(What needs to be done) Give again, unchanged, the line that contains "Last 31 Days Graph of Choobage" together with every line that follows it until the entries end.

(Input for this task)
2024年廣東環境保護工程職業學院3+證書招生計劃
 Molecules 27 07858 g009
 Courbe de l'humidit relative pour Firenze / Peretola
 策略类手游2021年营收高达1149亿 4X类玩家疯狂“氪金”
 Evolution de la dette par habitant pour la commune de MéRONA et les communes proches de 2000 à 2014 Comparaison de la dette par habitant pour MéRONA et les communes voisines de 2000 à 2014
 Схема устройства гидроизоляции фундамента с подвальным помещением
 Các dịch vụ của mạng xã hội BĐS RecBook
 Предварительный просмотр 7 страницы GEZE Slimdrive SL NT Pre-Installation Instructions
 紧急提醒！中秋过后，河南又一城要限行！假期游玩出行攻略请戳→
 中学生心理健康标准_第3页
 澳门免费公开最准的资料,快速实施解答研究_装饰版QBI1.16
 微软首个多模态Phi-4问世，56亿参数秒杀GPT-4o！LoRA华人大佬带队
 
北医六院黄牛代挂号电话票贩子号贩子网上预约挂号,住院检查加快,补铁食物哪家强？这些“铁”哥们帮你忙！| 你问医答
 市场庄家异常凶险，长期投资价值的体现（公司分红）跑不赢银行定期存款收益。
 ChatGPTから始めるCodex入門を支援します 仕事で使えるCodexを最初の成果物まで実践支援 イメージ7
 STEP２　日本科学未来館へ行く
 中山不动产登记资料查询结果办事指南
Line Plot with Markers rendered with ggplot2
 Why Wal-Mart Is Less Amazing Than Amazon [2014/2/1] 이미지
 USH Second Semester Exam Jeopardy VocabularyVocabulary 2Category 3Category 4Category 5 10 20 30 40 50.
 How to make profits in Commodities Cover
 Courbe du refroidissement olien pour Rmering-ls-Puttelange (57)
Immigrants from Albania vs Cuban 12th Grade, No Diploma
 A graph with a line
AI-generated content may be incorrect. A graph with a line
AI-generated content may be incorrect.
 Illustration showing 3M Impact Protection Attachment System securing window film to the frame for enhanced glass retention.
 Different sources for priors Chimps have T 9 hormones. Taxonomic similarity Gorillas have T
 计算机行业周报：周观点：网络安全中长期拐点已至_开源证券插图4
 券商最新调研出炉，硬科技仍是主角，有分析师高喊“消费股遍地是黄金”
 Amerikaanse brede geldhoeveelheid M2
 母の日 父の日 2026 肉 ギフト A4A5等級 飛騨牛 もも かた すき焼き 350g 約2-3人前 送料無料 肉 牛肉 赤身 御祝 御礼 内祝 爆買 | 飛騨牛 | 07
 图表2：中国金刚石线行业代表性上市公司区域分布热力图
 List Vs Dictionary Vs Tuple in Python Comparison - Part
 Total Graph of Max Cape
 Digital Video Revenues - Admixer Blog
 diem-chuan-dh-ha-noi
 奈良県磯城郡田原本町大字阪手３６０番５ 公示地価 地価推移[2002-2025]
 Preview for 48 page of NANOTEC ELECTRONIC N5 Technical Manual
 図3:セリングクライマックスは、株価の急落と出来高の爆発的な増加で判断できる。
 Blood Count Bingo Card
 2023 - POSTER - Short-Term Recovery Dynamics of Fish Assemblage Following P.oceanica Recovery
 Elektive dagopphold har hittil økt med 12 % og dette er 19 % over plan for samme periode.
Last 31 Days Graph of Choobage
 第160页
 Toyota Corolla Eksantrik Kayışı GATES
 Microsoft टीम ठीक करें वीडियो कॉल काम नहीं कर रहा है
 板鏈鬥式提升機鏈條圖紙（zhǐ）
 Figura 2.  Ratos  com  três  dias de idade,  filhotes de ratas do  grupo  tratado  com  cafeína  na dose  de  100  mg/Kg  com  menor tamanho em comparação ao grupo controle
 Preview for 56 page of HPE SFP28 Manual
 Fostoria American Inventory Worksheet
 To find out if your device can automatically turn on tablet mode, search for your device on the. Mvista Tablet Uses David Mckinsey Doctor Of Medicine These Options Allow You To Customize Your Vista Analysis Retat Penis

(Result of the exercise)
Last 31 Days Graph of Choobage
 第160页
 Toyota Corolla Eksantrik Kayışı GATES
 Microsoft टीम ठीक करें वीडियो कॉल काम नहीं कर रहा है
 板鏈鬥式提升機鏈條圖紙（zhǐ）
 Figura 2.  Ratos  com  três  dias de idade,  filhotes de ratas do  grupo  tratado  com  cafeína  na dose  de  100  mg/Kg  com  menor tamanho em comparação ao grupo controle
 Preview for 56 page of HPE SFP28 Manual
 Fostoria American Inventory Worksheet
 To find out if your device can automatically turn on tablet mode, search for your device on the. Mvista Tablet Uses David Mckinsey Doctor Of Medicine These Options Allow You To Customize Your Vista Analysis Retat Penis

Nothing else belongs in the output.